Jika perjalanan ekologi manusia ditilik kembali ke tahap awal perkembangannya, maka dapat disimpulkan bahwa sosiologi dan ekologi tanpa disadari sebenarnya telah bersenyawa sejak semula (membentuk ekologi manusia) karena mereka memang “saling membutuhkan”. Secara epistemologis, persenyawaan itu dimulai sejak adanya kegundahan pada pertanyaan ala Malthusian tentang: “bagaimana manusia dan komunitasnya seharusnya memelihara ekosistem agar mereka mampu menetralisasi ketidaksetimbangan ekologis sehingga perjalanan survival dapat dilanjutkan hingga melampaui lebih dari satu generasi”. Hingga titik ini, konsep-konsep ekologi klasikal seperti adaptasi ekologi dan socio ecological adjustment disertai konsep kompetisi suksesi menjadi konsep-konsep dasar yang sangat penting untuk meretas jalan pemahaman ekologi manusia. Fokus perhatian investigasi teoritik pada tataran ini dengan sengaja menuju pada upaya pemetaan pola-pola adaptasi ekologi spesifik/khas lokalistik yang dilakukan oleh sistem-sistem sosial “kecil terisolasi” (dalam bahasa developmentalisme mereka sering dilabelkan secara keliru dengan istilah “suku terasing”). Pemahaman terhadap peta budaya sistem masyarakat kecil ini menghasilkan peta yang lengkap tentang pola-pola adaptasi ekologi komunitas asli (misal: Komunitas Dayak di Kalimantan, Komunitas Anak Dalam di Sumatera, Komunitas Baduy di Jawa, Komunitas Dani dan Amungme di Papua).
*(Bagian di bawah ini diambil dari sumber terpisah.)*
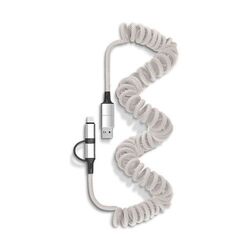 CABLE DE CHARGE RAPIDE ET TRANSFERT RETRACTABLE A RESSORT 6 EN 1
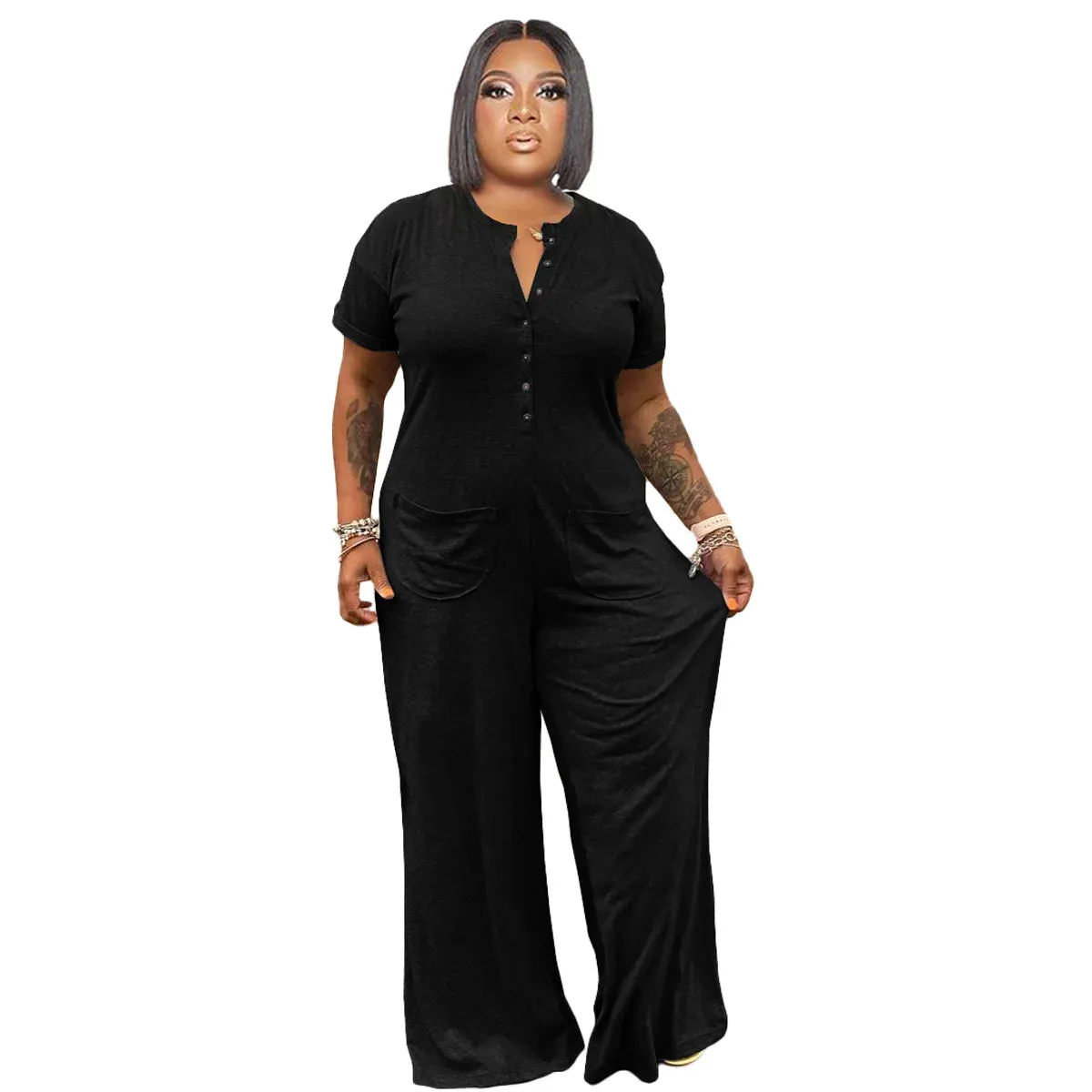 Cassi Loose Jumpsuit Buttons Crew Neck Short Sleeves Pockets Jumpsuit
Pada titik ini ekologi manusia menjadi tak ada bedanya dengan disiplin cultural anthropology yang memulai investigasi teoritiknya dengan fokus kajian sistem statik pada homeostasis10 yang dihadapi oleh suku-suku asli di pelosok dunia. Dalam hal ini ekologi manusia mengembangkan penjelajahan pengamatan dan analisisnya ke sistem-sistem sosial masyarakat yang lebih diverse yaitu: masyarakat pertanian, perkotaan dan industri serta masyarakat global.